Peter Moyle holds a native pikeminnow netted as part of a recent fish trapping event along Putah Creek. Jacob Katz/Courtesy photo

Peter Moyle holds a native pikeminnow netted as part of a recent fish trapping event along Putah Creek. Jacob Katz/Courtesy photo

Agriculture + Environment

Want to get your hands on some fish?

The Putah Creek Council invites local residents to meet the fish and the biologist who helped save Putah Creek. A family-friendly hands-on fish surveying event is planned for 9 a.m. to noon Saturday, June 9, and is part of PCC’s Watershed Wonders fundraiser series.

The event will be led by UC Davis professor Peter Moyle, who will take participants to several spots along Putah Creek at UCD’s Russell Ranch for the morning’s activities.

In the late 1980s, a drought caused Solano County to divert all flows out of Putah Creek for human uses. Putah Creek Council and many collaborators sued and eventually won protections for the creek’s water level.

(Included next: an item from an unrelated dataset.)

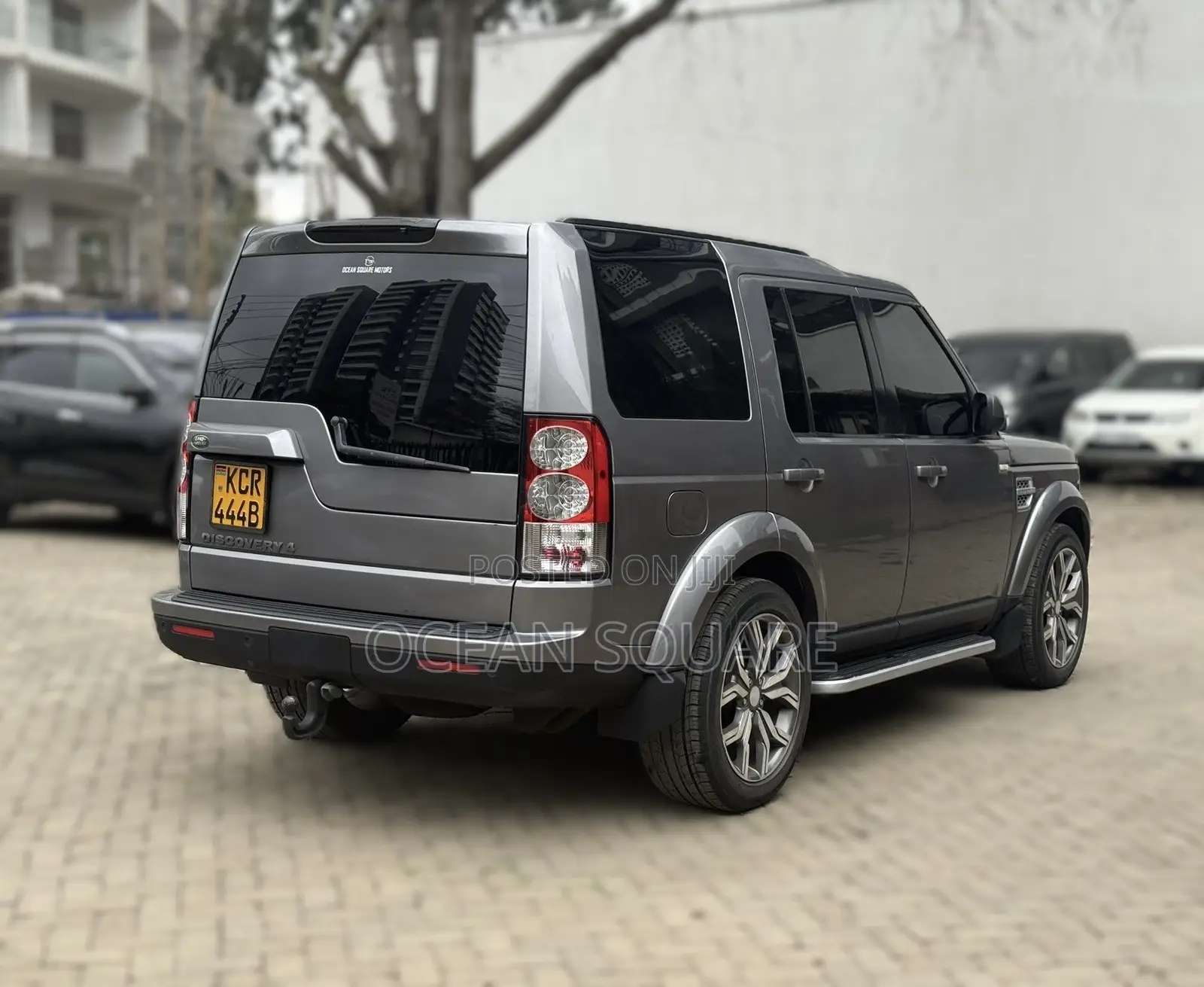 Land Rover Discovery 2011 Silver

Those protections are based on the California Fish and Game code, which makes fish conservation downstream of dams mandatory. Moyle’s long-term studies of Putah Creek’s fishes helped show that the creek’s native fish populations were viable and unique.

Putah Creek hosts many unusual and interesting native fish species, including pikeminnow, tule perch, Sacramento sucker and sculpins as well as a number of non-native fish such as bass and catfish.

Participants will have a chance to learn about and participate in several fish surveying methods (including beach seining and electrofishing) and will have the chance to hold and examine various fish before they are released back to the creek.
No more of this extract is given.